Souris Lea, Pauline Salas

A son retour de vacances, Lea commença à entendre des petits bruits le soir chez elle. Des petits grattements, des petits toc toc, des petits ksss ksss. Elle ne savait pas très bien d’où cela venait, ni non plus ce que c’était, mais elle notait bien une différence à d’habitude, puisque son logement était réputé pour être calme. Elle supposa que cela provenait de l’appartement d’à côté, en travaux.
Un soir, accoudée au bar de la cuisine, elle sentit une ombre passer, elle eut juste le temps d’apercevoir une petite souris grise avant qu’elle ne se cache derrière la machine à laver.
Horrifiée, tétanisée, Lea voulut pousser un cri de panique mais aucun son ne sortit de sa bouche. Elle détestait ces petits rougeurs. Elle en avait du dégoût, cela la mettait dans un état où elle en perdait le contrôle et la raison.
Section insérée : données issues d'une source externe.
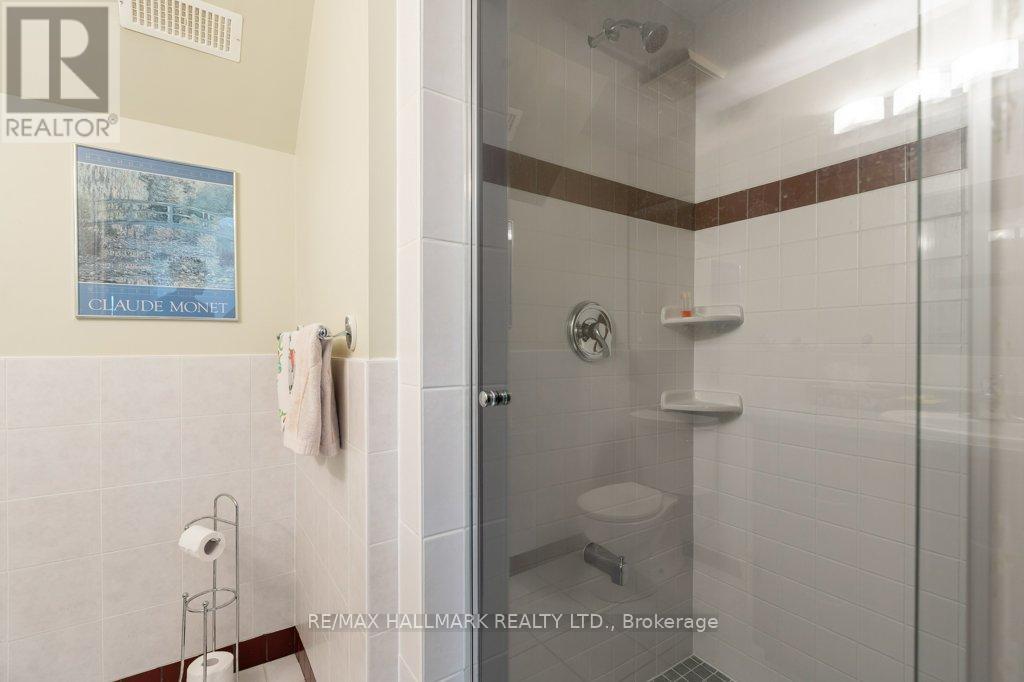 13 BALLYCONNOR COURT - 37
Prise de panique, son premier réflexe fut d’appeler son père qui vivait non loin de chez elle. Il décrocha le téléphone à la deuxième sonnerie, Léa prit un ton grave comme si elle lui annonçait la mort de quelqu’un. A la fin de l’annonce, son père éclata de rire et lui fit comprendre qu’il s’attendait à bien pire vue le ton inquiet de sa voix.
Des petits grattements, des petits toc toc, des petits ksss ksss.
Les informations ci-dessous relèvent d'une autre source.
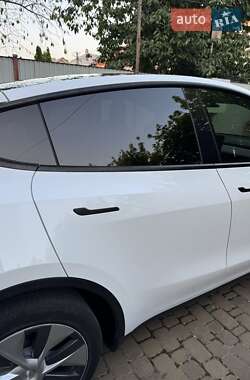 Позашляховик / Кросовер Tesla Model Y 2022 в Чернівцях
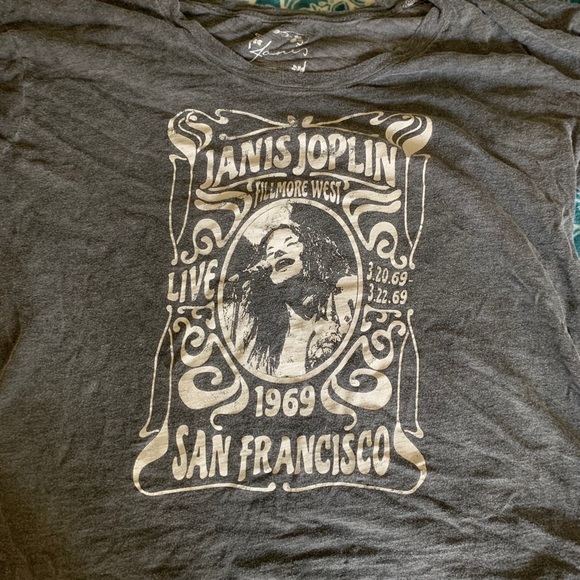 VS tee - Picture 2 of 2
Incomprise, Lea, se sentait seule et abandonnée. Son père ne mesurait pas l’ampleur de la situation. Il minimisait l’épreuve qu’elle traversait. Léa devait résoudre ce problème seule. Elle avait cette phrase en tête, « Dans la vie, on est toujours seul lorsqu’il nous arrive les pires souffrances », elle le confirmait…

Désorientée, elle tenta d’aller se coucher essayant d’oublier la présence de cet intrus. Impossible, elle continuait d’entendre les petits grattements, les petits toc toc, les petits ksss ksss. Les sons étaient amplifiés comme si plus rien n’existait autour. Elle entendit des bruits de plastique, le rongeur se débattait, il s’était pris au piège tout seul dans la poubelle. C’était son unique chance de se sentir à nouveau en sécurité, elle devait attraper la poubelle et la jeter rapidement hors de l’appartement.
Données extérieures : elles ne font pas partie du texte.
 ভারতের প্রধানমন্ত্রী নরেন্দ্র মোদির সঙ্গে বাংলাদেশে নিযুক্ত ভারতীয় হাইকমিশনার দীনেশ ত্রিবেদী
Les sons étaient amplifiés comme si plus rien n’existait autour. Elle entendit des bruits de plastique, le rongeur se débattait, il s’était pris au piège tout seul dans la poubelle.
Il fallait du courage, son coeur battait comme si elle courait un marathon. Tremblante elle s’approcha du sac plastique, elle se mit à chanter fort pour couvrir les petits grattements, les petits toc toc, les petits ksss ksss. La gorge nouée, l’estomac serré, Lea saisit la poubelle, ouvrit au même instant la porte d’entrée et la lança dans le couloir. Ce n’était pas très citoyen, mais trop d’émotions pour ce soir, elle ne pouvait pas descendre avec, elle s’en occuperait demain.
Libérée, mais toujours la peur au ventre, elle alla se coucher.
Depuis cet épisode, cela avait créé une parano chez elle, tous les jours elle était à l’affût de la moindre présence étrangère. Cela commençait lorsqu’elle faisait son yoga. Elle avait remarqué un petit espace entre la porte d’entrée et le sol. C’était sûrement par là que la souris était rentrée. Elle guettait ce trou comme si la puissance de son regard pouvait éventuellement empêcher la présence de cette bête. L’interstice était la porte d’entrée de ces malheurs.
Lorsqu’elle ouvrait ses placards, elle scrutait chaque grain de poussière attentivement. Elle savait que si elle repérait de petites billes noires, cela signifiait que le rougeur était à nouveau avec elle. Effectivement, après l’enfer de cet été, elle avait trouvé des petites crottes de souris dans son armoire. Chaque détail en disait long pour Lea.
Le pire c’était le soir, le moindre grincement entraînait une chasse improvisée. Alors, elle allumait toutes les lumières, ouvrait tous les placards et attendait stoïquement sa proie. Souvent au bout de quelques minutes elle n’entendait plus rien et revenait à ses occupations.
La chasse d’eau de l’appartement d’à côté, son voisin de palier qui rentre, les pas des enfants du dessus, le sifflement du radiateur. Chaque son avait du sens pour Léa, rien ne lui échappait.
Elle était devenue une experte de chaque bruit, elle savait les définir un par un. La chasse d’eau de l’appartement d’à côté, son voisin de palier qui rentre, les pas des enfants du dessus, le sifflement du radiateur. Chaque son avait du sens pour Léa, rien ne lui échappait.
Parfois, dans ce méli-mélo de bruissement, elle ne savait plus si c’était le fruit de son imagination ou la réalité.